We identified eight loci where CNV is significantly associated with HCC. Six of these appear to be germline CNVs. The other two, however, involve T-cell receptor
loci, which PD 332991 are known to undergo recombination in peripheral blood lymphocytes, the source of DNA for our study. Of the six loci showing germline CNV, the one exhibiting the strongest association with HCC is a small region of chromosome 1p36.33 that contains no known or predicted genes. In this case, low copy number correlates with increased risk for both HCC (unadjusted P = 5.94 × 10−16 for Stage 1, P = 1.11 × 10−10 for Stage 2; Table 1) and LC (unadjusted P = 6.03 × 10−9 for combined Stage 1 and Stage 2; Table 2). The five other regions for which CNV is associated AZD2281 with HCC contain the genes KNG1 (3q27.3); C4orf29 and LARP2 (4q28.2); ALDH7A1, PHAX, C5orf48, and LMNB1 (5q23.2); SRPK2 and PUS7 (7q22.2); and TMPO (12q23.1). Low copy number at all five of these loci is more
frequent in controls than HCC patients (Table 1). We observed no statistically significant association between CNV at these five loci and LC (Table 2).
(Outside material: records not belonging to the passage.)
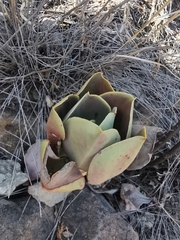Gibbiflorae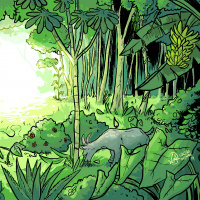 #060 Agroflorestas pelo mundo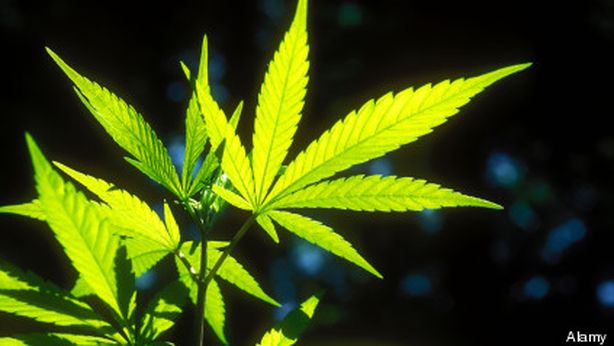 Laureato in marijuana: in America oggi si può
Additionally, none of these loci show significant differences between LC and HCC. Among the loci showing association of CNV with HCC, the strongest association is seen at the TRG@ and TRA@. In both cases low copy number is more frequent in controls than cases. In HCC versus controls, TRG@ shows an unadjusted P of 3.16 × 10−21 in the Stage 1 training HSP90 set and P = 1.85 × 10−28 in the Stage 2 testing set; TRA@ has an unadjusted P = 1.94 × 10−16 in Stage 1 and P = 6.24 × 10−28 in Stage 2 (Table 1). We validated these findings using an independent platform by performing a TaqMan assay (t test P = 2.86 × 10−18 for TRA@; P = 3.56 × 10−26 for TRG@ for combined Stage 1 and Stage 2 samples; Supporting Table S9). CNV at the TRG@ and TRA@ loci also differs significantly between control and LC individuals (unadjusted P of 5.66 × 10−12 and 3.17 × 10−13, respectively, in combined Stage 1 and Stage 2 samples; Table 2). As is seen in HCC, low copy
number is more frequent in control than LC individuals. To confirm our proposal that the observed CNV at TRA@ and TRG@ reflects somatic genomic rearrangement at these loci that occurs in normal T lymphocytes, we inspected publicly accessible CNV data at these T-cell receptor loci in B cells. Because B cells do not exhibit TCR rearrangement, they should be diploid at the TRA@ and TRG@ loci. As expected, neither locus shows CNV in publicly accessible HapMap genotype data, which were generated using DNA isolated from B-cell lymphoblastoid cell lines established at the Centre d’Etude du Polymorphisme Humain (CEPH).17 We observe no significant association between CNV at the T-cell receptor loci and hepatitis virus status in the cases where viral status is known in the current study population (Supporting Table S4).